YOUR GOAL ::
For the listing below, return the line containing "Jewelry box 🗃️", the line containing "Used 2024 GMC Sierra 1500 AT4X image 12", and all lines in between, exactly as written and nothing else.

RECORDS TO PROCESS ::
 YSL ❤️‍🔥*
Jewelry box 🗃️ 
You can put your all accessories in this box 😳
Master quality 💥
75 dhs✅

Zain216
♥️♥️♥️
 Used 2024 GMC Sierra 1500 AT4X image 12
==
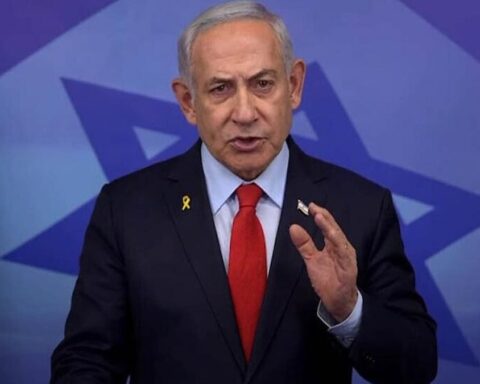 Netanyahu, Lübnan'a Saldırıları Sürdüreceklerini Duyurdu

EXPECTED OUTPUT ::
Jewelry box 🗃️ 
You can put your all accessories in this box 😳
Master quality 💥
75 dhs✅

Zain216
♥️♥️♥️
 Used 2024 GMC Sierra 1500 AT4X image 12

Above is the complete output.